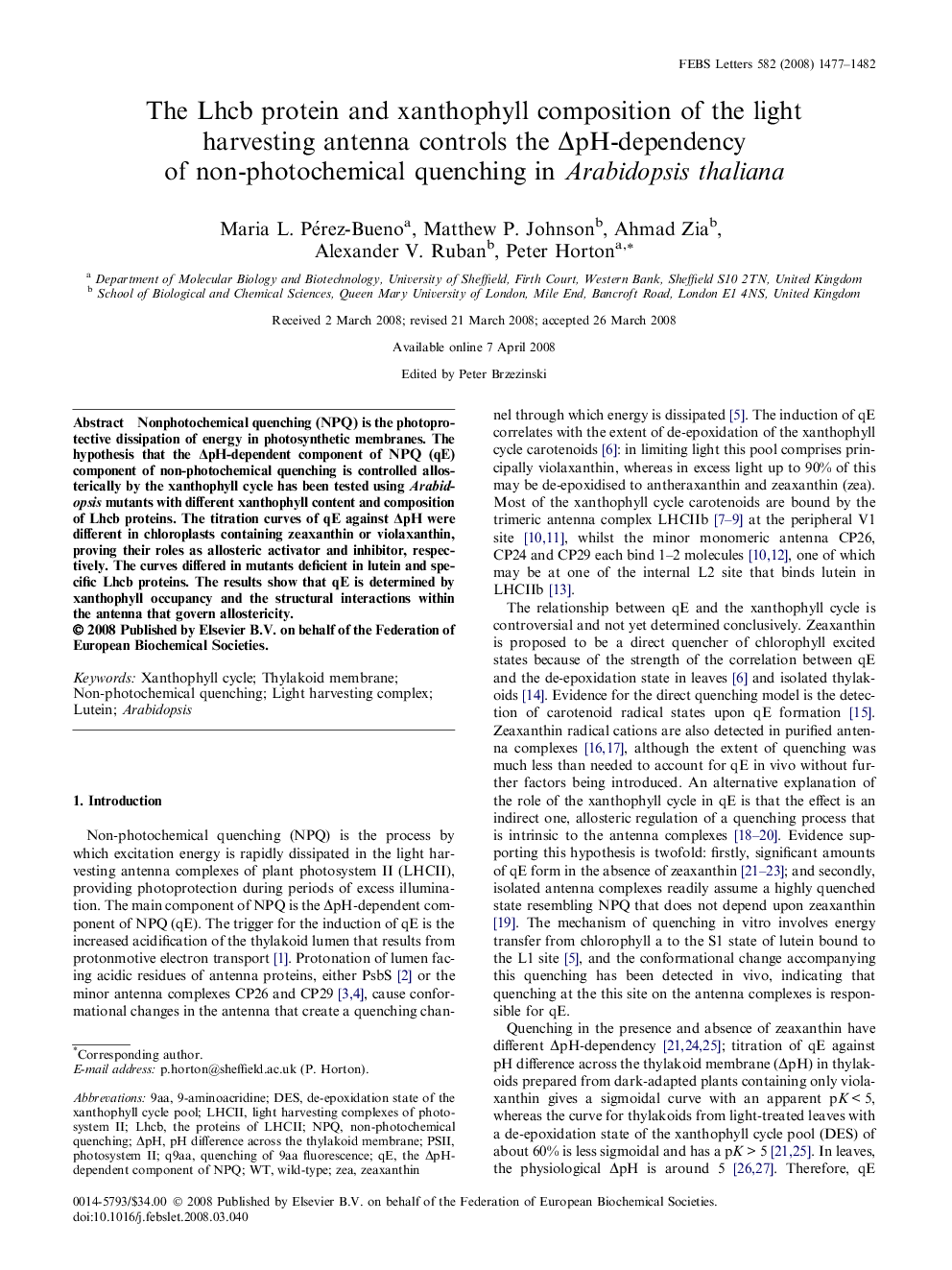 The Lhcb protein and xanthophyll composition of the light harvesting antenna controls the ΔpH-dependency of non-photochemical quenching in Arabidopsis thaliana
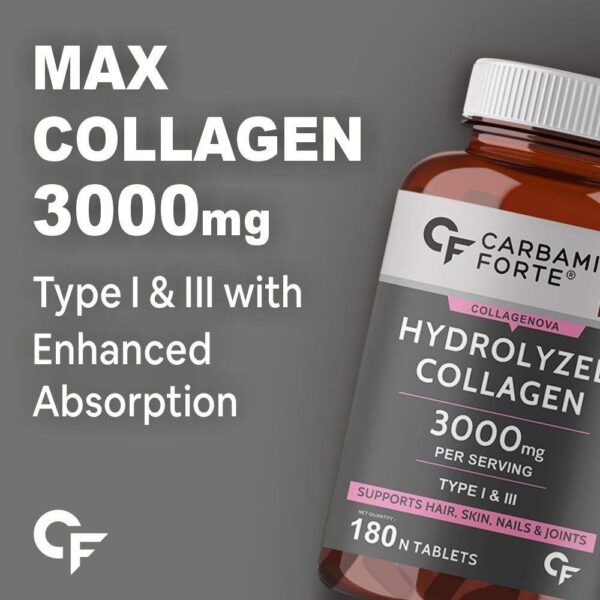 Carbamide Forte Hydrolyzed Collagen Peptides – 3000mg with Type 1 & 3 Collagen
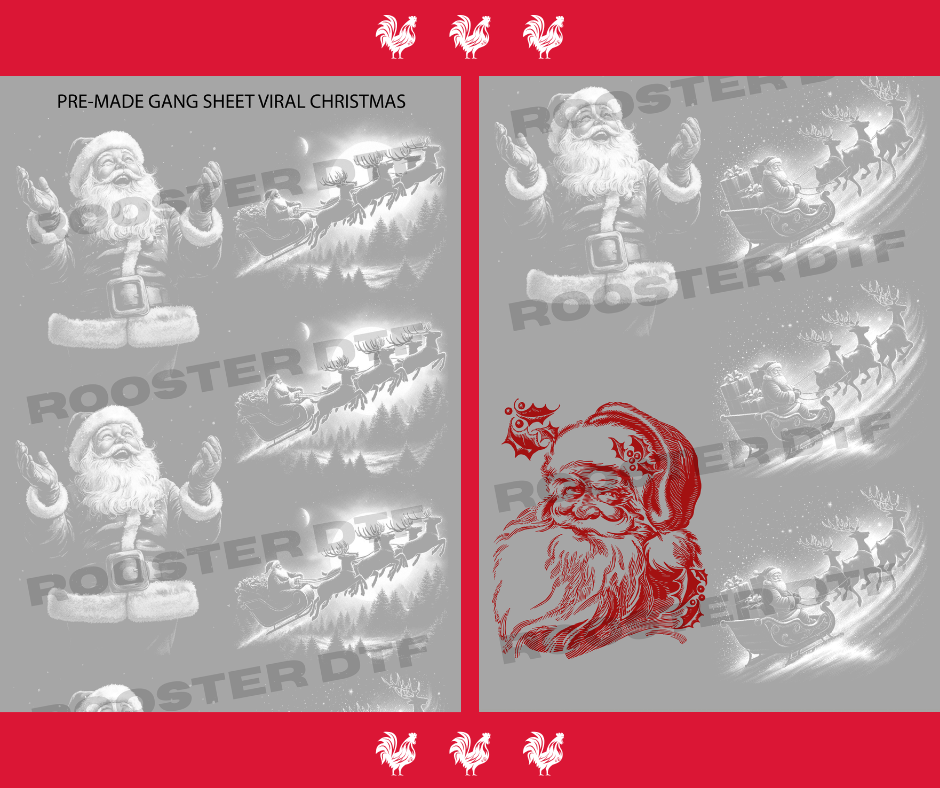 Rooster DTF Transfer Co - Wholesale Sublimation Transfer - DTF TRANSFER ONLY  - CHRISTMAS VIRAL PRE-MADE GANG SHEET (22x60in)1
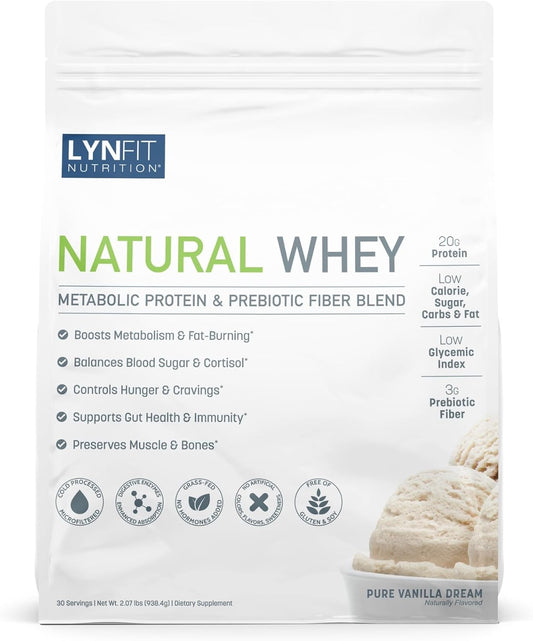 Metabolic Boosting Natural Whey Lactose & Sugar-Free Protein w/Prebiotic Fiber | Vanilla Dream | 30 Servings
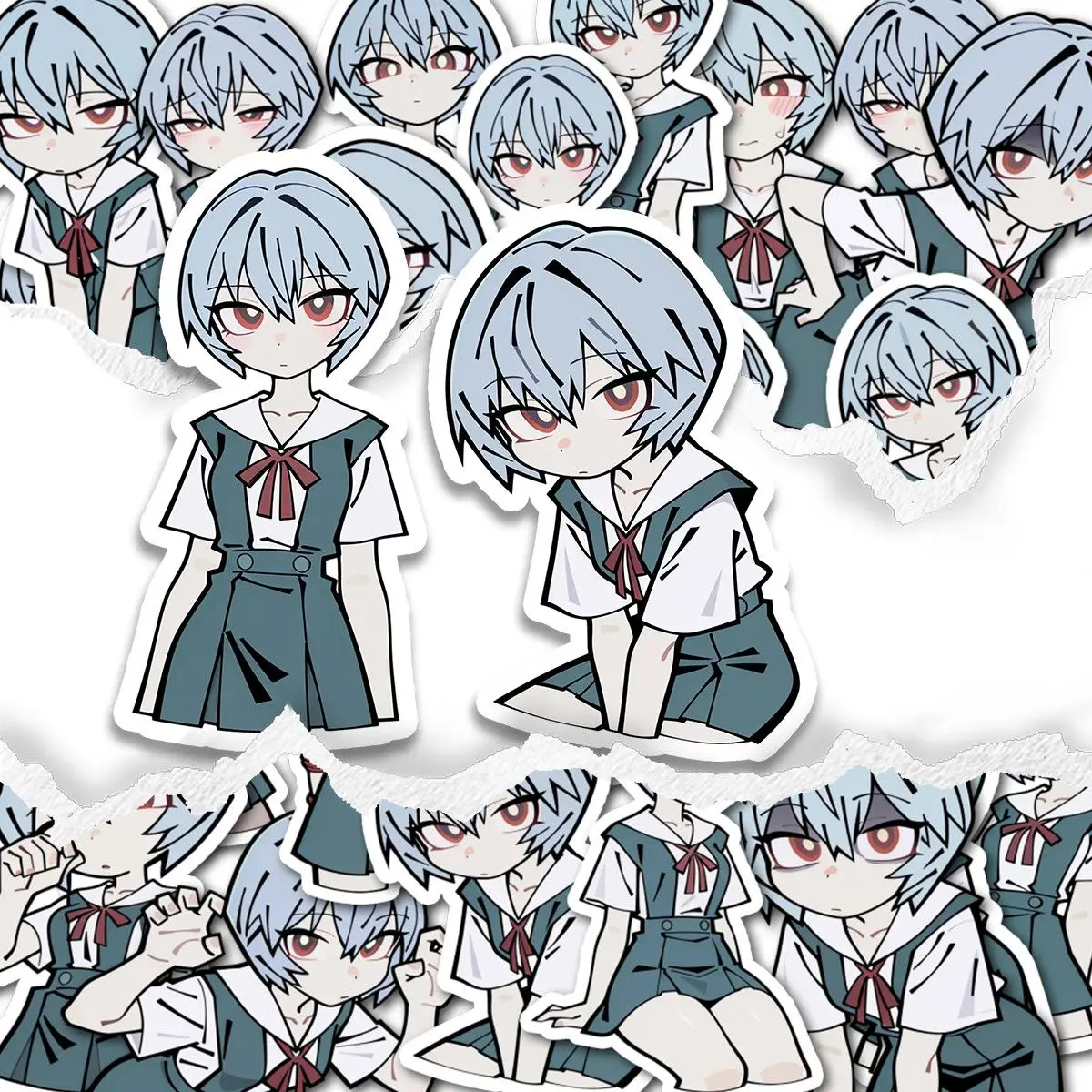 New Neon Genesis Evangelion Stickers Ayanami Rei Cute Niche Anime Stickers Laptop Notebook Phone Luggage Decor Collectible Gift
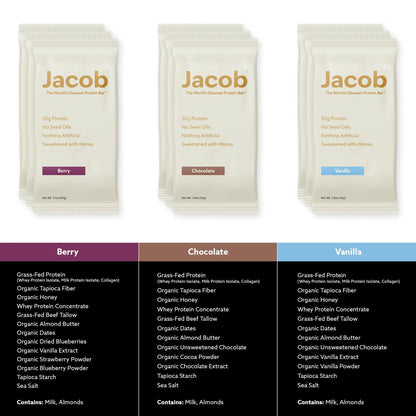Jacob Bar, Protein Bars, Variety Pack (9 Bars Total) Contains 3 of Each; Chocolate, Vanilla, Berry - 20g Grass-Fed Protein, No Seed Oils, Nothing Artificial Jacob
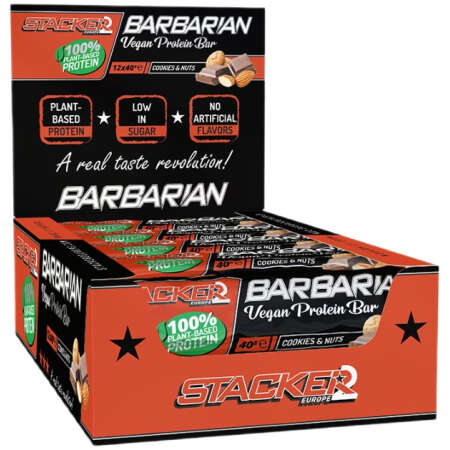 Stacker2 Europe Barbarian Vegan Protein Bar, Cookies & Nuts - 12 x 40g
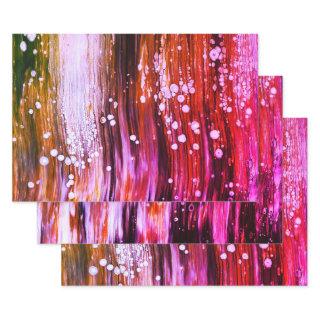 Paint Pour Cells Swipe Abstract Art Pink  Sheets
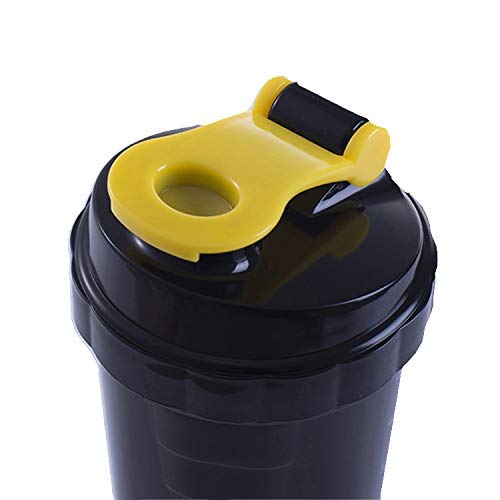 Image of Gym Spider Shaker Bottle with Extra Compartment, 100% Leakproof, Ideal for Protein, Preworkout, BCAAs, Cycling, Gym Water Bottle | Shaker Cup, Diet Shaker with Blenderball, 500ml (Yellow)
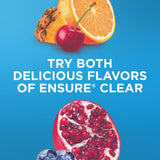 Ensure Liquid Clear Nutrition Drink, 0g fat, 8g of protein, Blueberry Pomegranate, 10 Fl Oz (Pack of 12), Bottle, gluten free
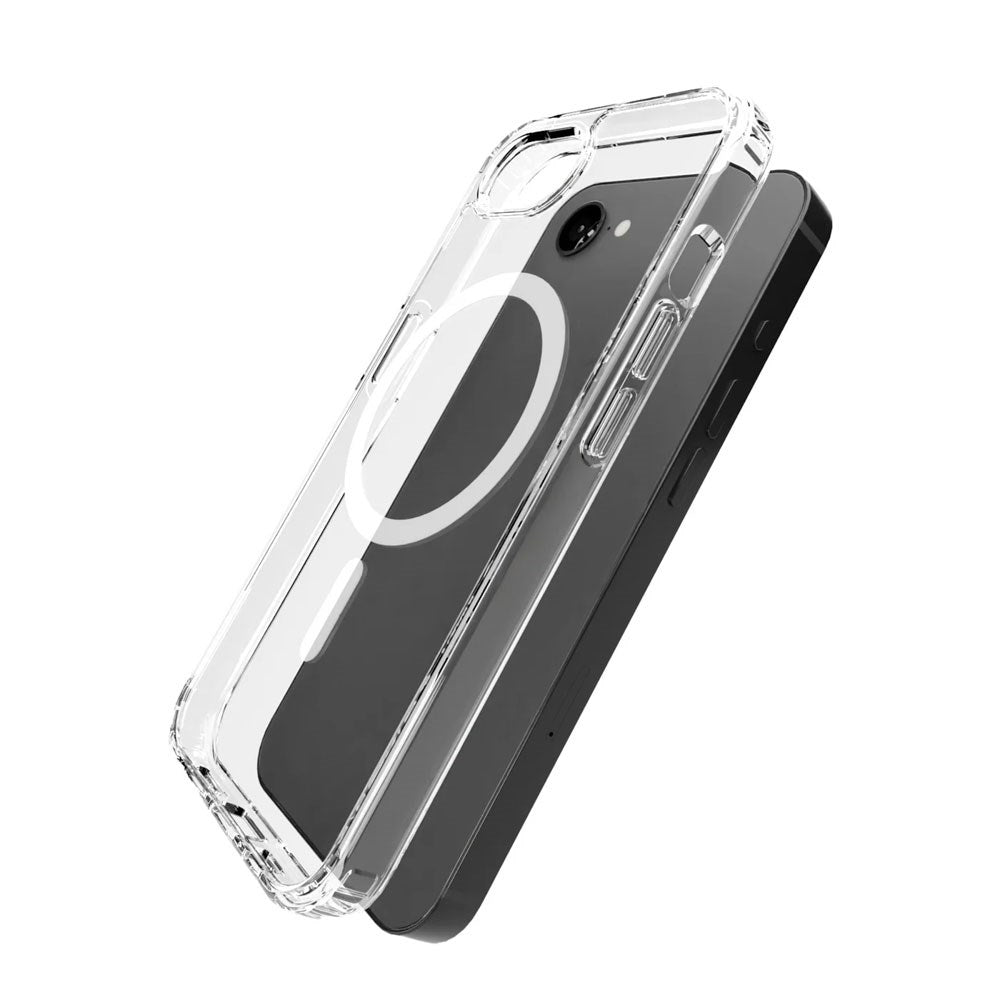 iPhone 17e / 16e PURO LITE MAG Hybrid Skal - MagSafe Kompatibel - Genomskinlig / Vit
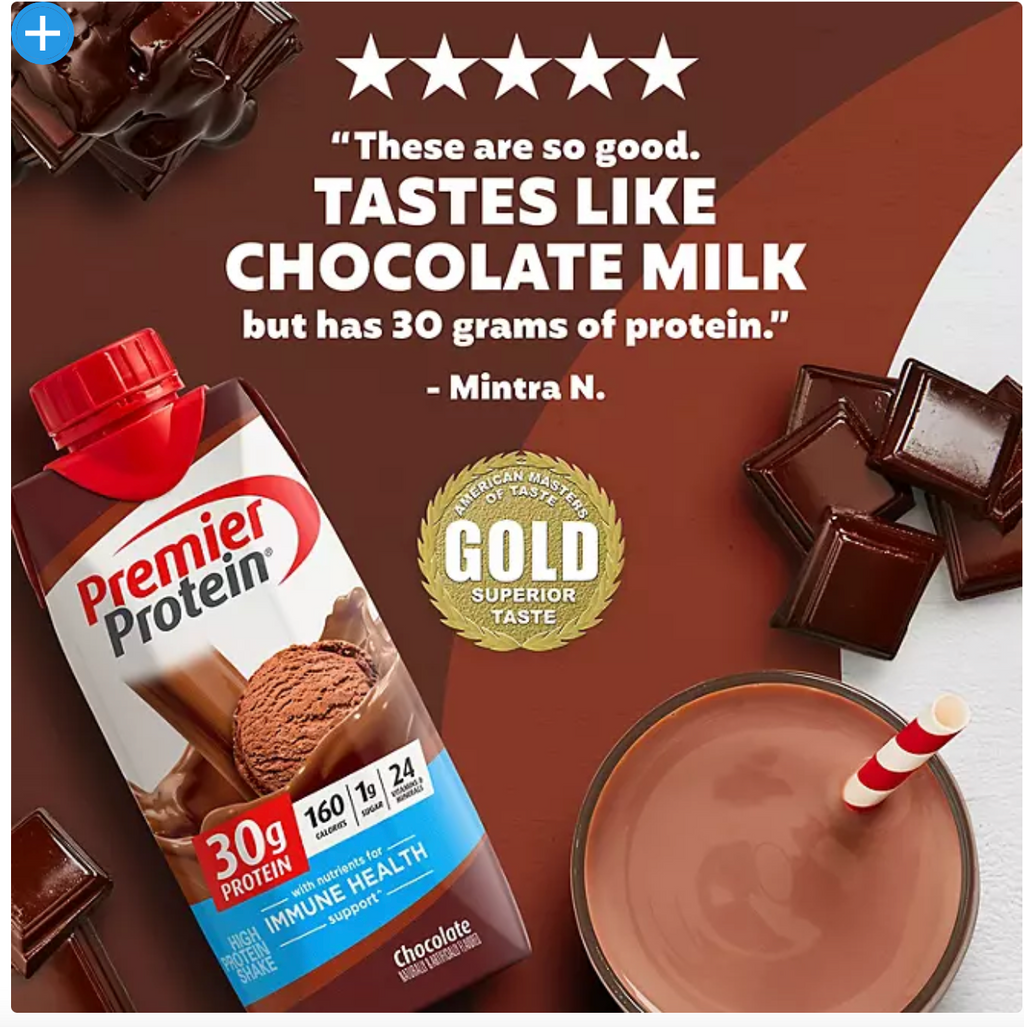Premier Protein 30g. High Protein Shake, Chocolate (11 fl. oz., 15 pk)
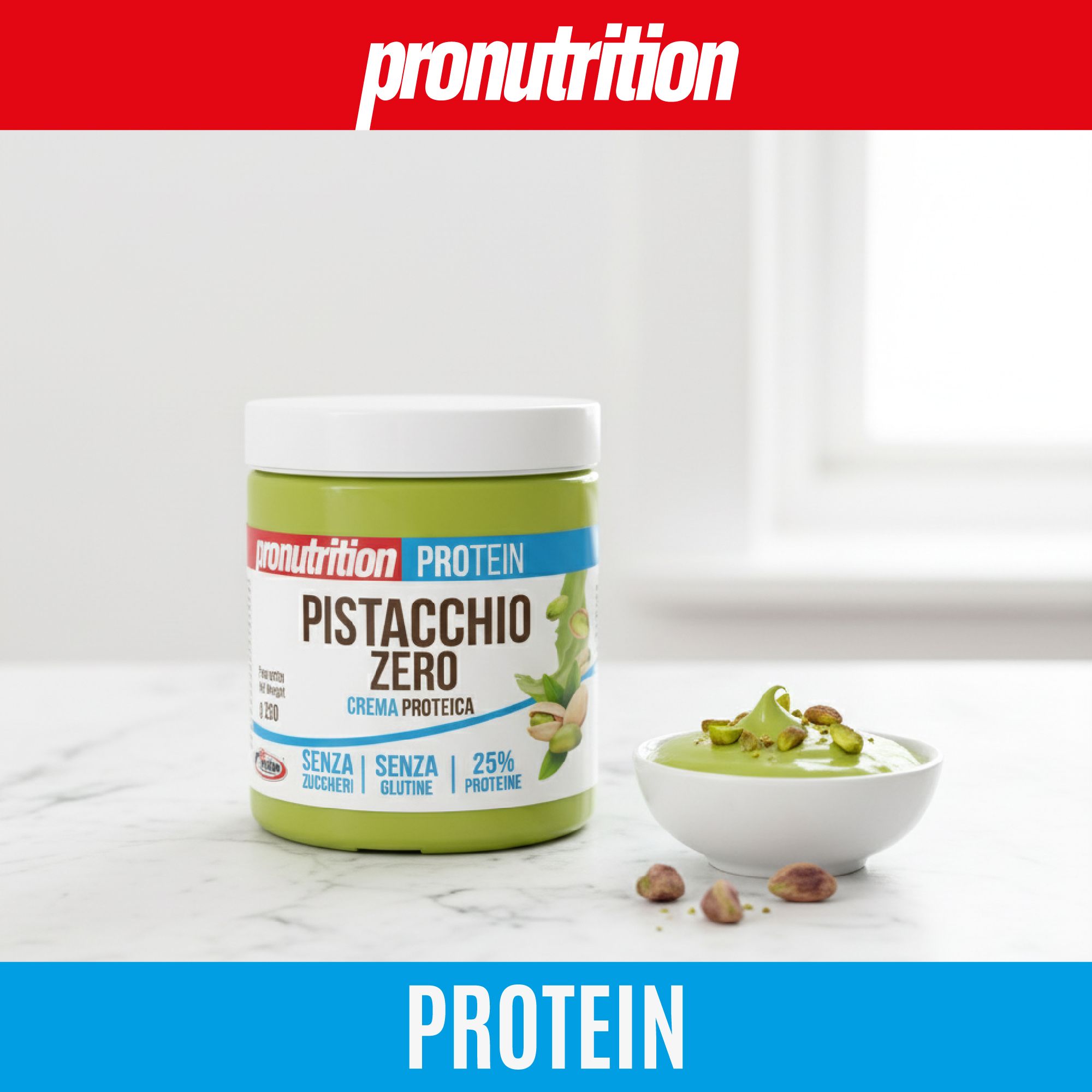 Vaso di crema Pistacchio Zero e ciotola di crema. Testo: Pronutrition, Protein, Pistacchio Zero, senza glutine. Pistacchi.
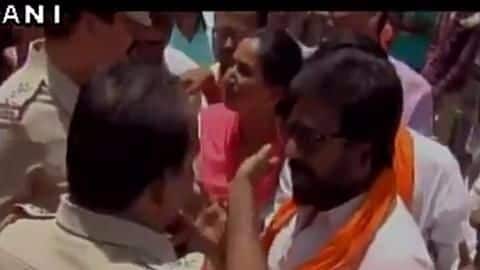 Viral video: Sena MP Gaikwad now seen arguing with cops Viral video: Sena MP Gaikwad now seen arguing with cops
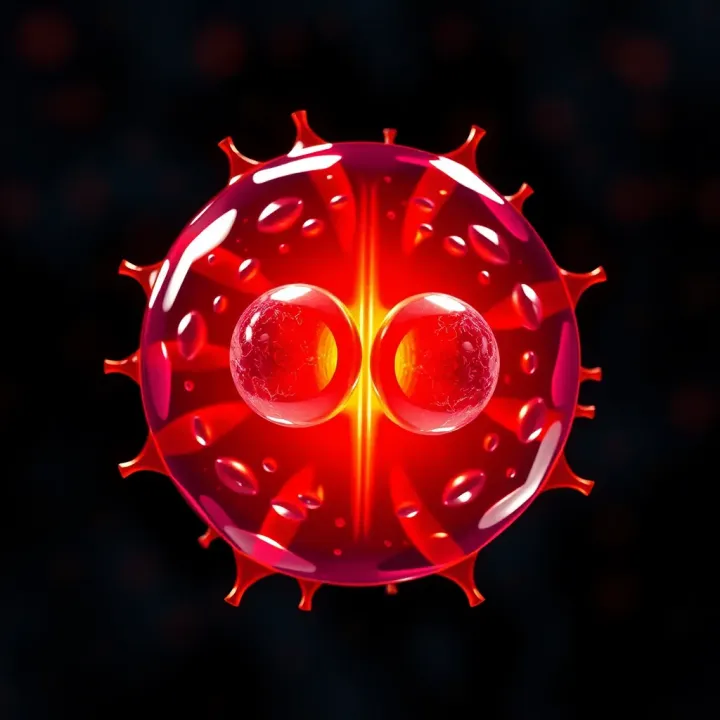 Diagram showing a single cell dividing into two identical daughter cells through asexual reproduction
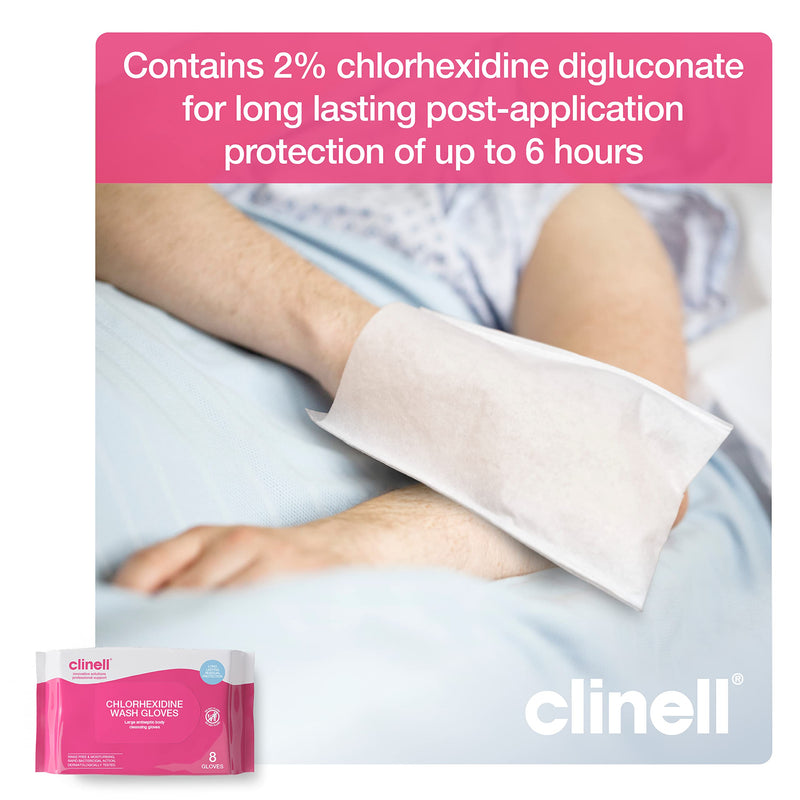 [Australia] - Clinell Chlorhexidine Wash Gloves - Pack of 8 Gloves - Body Wipes, Rinse Free Solution, Kills Bacteria, Dermatologically Tested Single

____________________

-- EXERCISE OBJECTIVE --
Repeat each line of the material, unaltered, from the first through the line with "Carbamide Forte Hydrolyzed", and include no pictures.

-- OUTPUT OF THE TASK --
 The Lhcb protein and xanthophyll composition of the light harvesting antenna controls the ΔpH-dependency of non-photochemical quenching in Arabidopsis thaliana
 Carbamide Forte Hydrolyzed Collagen Peptides – 3000mg with Type 1 & 3 Collagen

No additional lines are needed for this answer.